The reliance on structured EMR data for VA extraction has several limitations. Firstly, it assumes that all relevant information is consistently recorded in designated text boxes, which may not always be the case. Clinicians often include important context and qualifiers within the free-text narrative of the medical note, such as the use of refractive aids, pinholes, or lenses used to obtain a best-corrected measurement during the VA assessment.

Secondly, the use of structured EMR data for VA extraction may not be generalisable to healthcare settings where such structured data is not available. Many ophthalmology practices still rely on free-text medical notes to document patient encounters, making it crucial to develop NLP techniques that can accurately extract and interpret VA information from these unstructured sources.

The focus on extracting VA values without considering the surrounding context can lead to incomplete or inaccurate interpretations of the data.
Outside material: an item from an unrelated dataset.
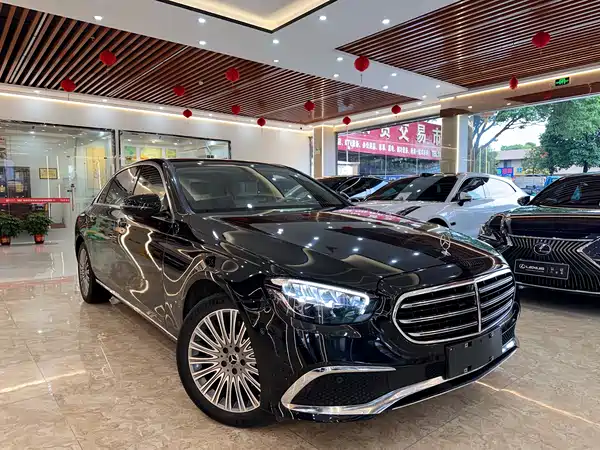 Mercedes-Benz E-Class 2023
To fully understand a patient’s visual function and track their progress over time, it is essential to capture not only the VA values but also the circumstances under which these measurements were obtained.
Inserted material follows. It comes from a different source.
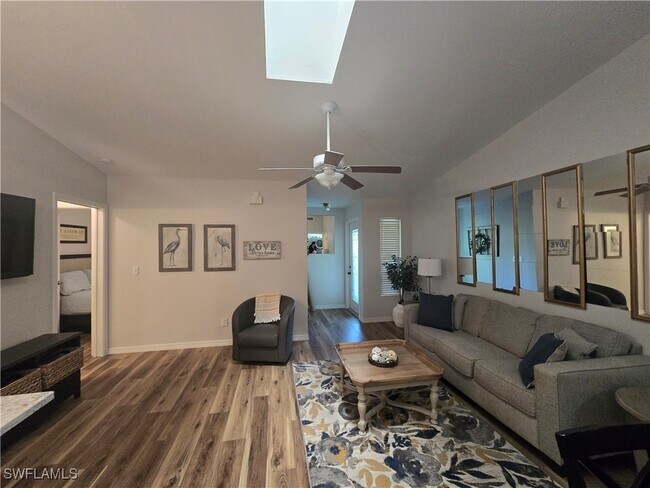 Foto del edificio - 1433 SW 51st Ln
Use of Large Language Models (LLMs)

Autoregressive Large Language Models (LLM) have shown promise in performing higher-order tasks in the medical domain, as well as on free-text clinical notes [11], but they have also demonstrated remarkable performance in zero-shot learning scenarios [12]. Zero-shot learning refers to the ability of a model to perform a task without being explicitly trained on examples for that specific task. While terms such as zero-shot learning may be used variably in different contexts, for the purposes of this study it was considered to refer to the use of LLMs without specific fine-tuning with task-specific labelled data, or the provision of examples of the task to which it would be applied in the prompt. This approach is as opposed to a few-shot approach in which a prompt may contain examples of the task to which the model is being applied (e.g., notes with the specific text to extract). In the context of clinical natural language processing, this means that an LLM can answer plain English questions about a patient’s condition without requiring a large dataset of annotated examples. This capability is particularly advantageous in the medical domain, where access to large-scale, labelled data can be scarce due to ethical and privacy concerns and the effort required for manual annotation.
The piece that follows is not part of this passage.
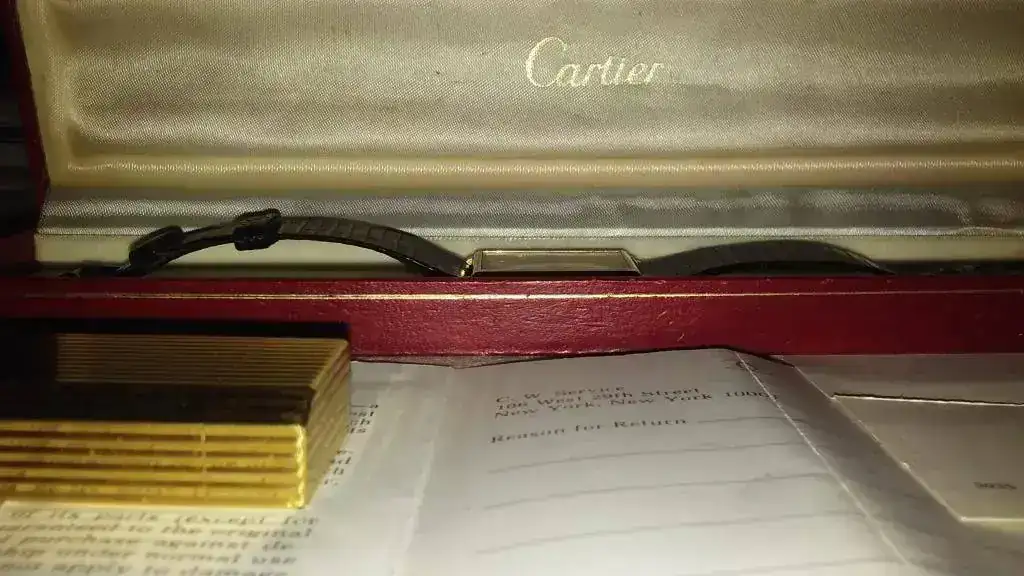 Cartier rectangular vintage escalonado (19).webp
LLMs exist within the broader category of machine learning termed natural language processing (NLP). NLP encompasses a wide array of applications of computer analysis to human language, be it in writing or speech [13, 14] There are types of NLP that are more computationally economical than LLMs, such as rule-based approaches like regular expressions (“regex”). These approaches can have utility, such as for the collection of certain audit data [15] but tend to perform less effectively in unstructured note types with custom formatting and variable data entry methods and documentation practices, which are characteristic of elements of ophthalmology notes.

Despite this promise, the use of LLM for this task may be impeded by several factors. Using LLM where data are processed offsite is fraught, and often prohibited, for medical data. Deploying LLM locally, on hospital premises, presents an alternative approach. With conventional NLP approaches, such as random forest models based on decision trees, this may be relatively straightforward. However, LLMs are more computationally demanding, and such local deployment can require specialised equipment (e.g., graphics processing units) and building infrastructure (e.g., power sockets). While for specialised data centres and computer science institutions, these considerations are routine, the ability of a healthcare facility to deploy LLM locally for the task of VA data extraction is uncertain.

This study aims to evaluate the feasibility of using LLM to extract data from free-text healthcare documentation, namely VA, locally, at a healthcare facility. The work will also examine the performance of zero-shot applications of LLM in the extraction of VA from free-text medical notes.